- _WORK REQUEST_
Keep the pictures out, and restate the listing that follows exactly as written.

- _DATA BLOCK_
+---+
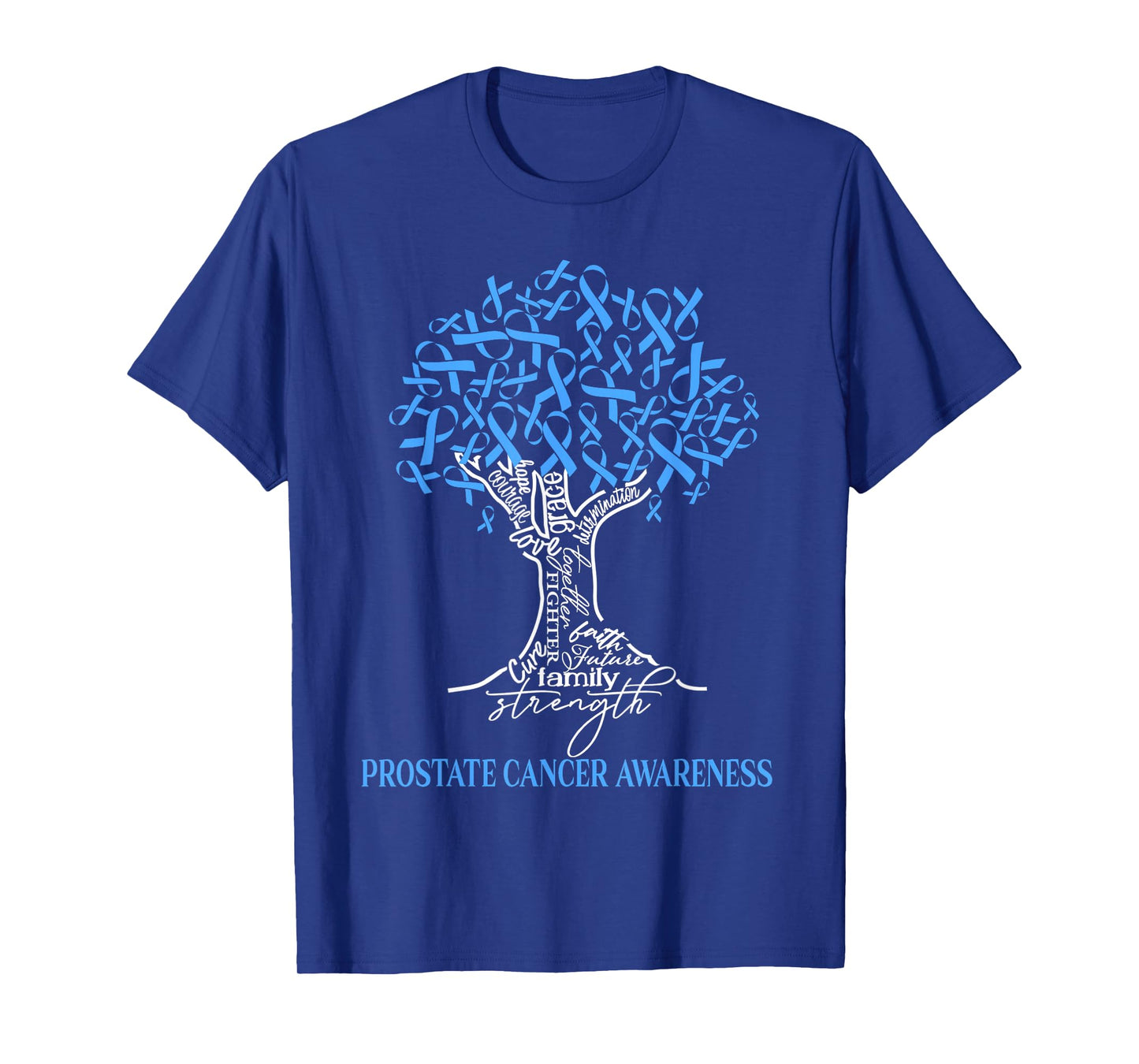 Prostate Cancer Awareness Tree Ribbon Blue T-Shirt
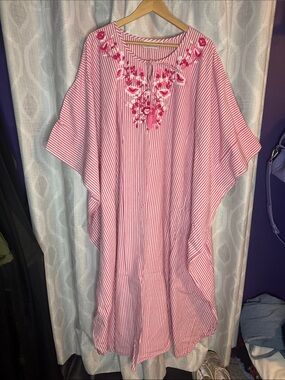 National Swim Cover Up Pink White Stripes Size O/S W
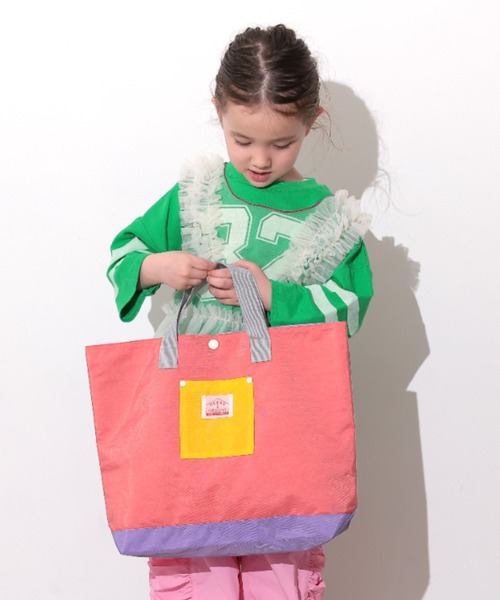 Ocean&Ground（オーシャン&グラウンド）の「ﾚｯｽﾝBAG MULTI（トートバッグ・キッズ・ライトパープル/ベージュ/ブルー/ライトグレー/ライトピンク/ライトブルー/エメラルド・FREE）」の7枚目の写真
+---+
- _ANSWER TO THIS TASK_
 Prostate Cancer Awareness Tree Ribbon Blue T-Shirt
 National Swim Cover Up Pink White Stripes Size O/S W
 Ocean&Ground（オーシャン&グラウンド）の「ﾚｯｽﾝBAG MULTI（トートバッグ・キッズ・ライトパープル/ベージュ/ブルー/ライトグレー/ライトピンク/ライトブルー/エメラルド・FREE）」の7枚目の写真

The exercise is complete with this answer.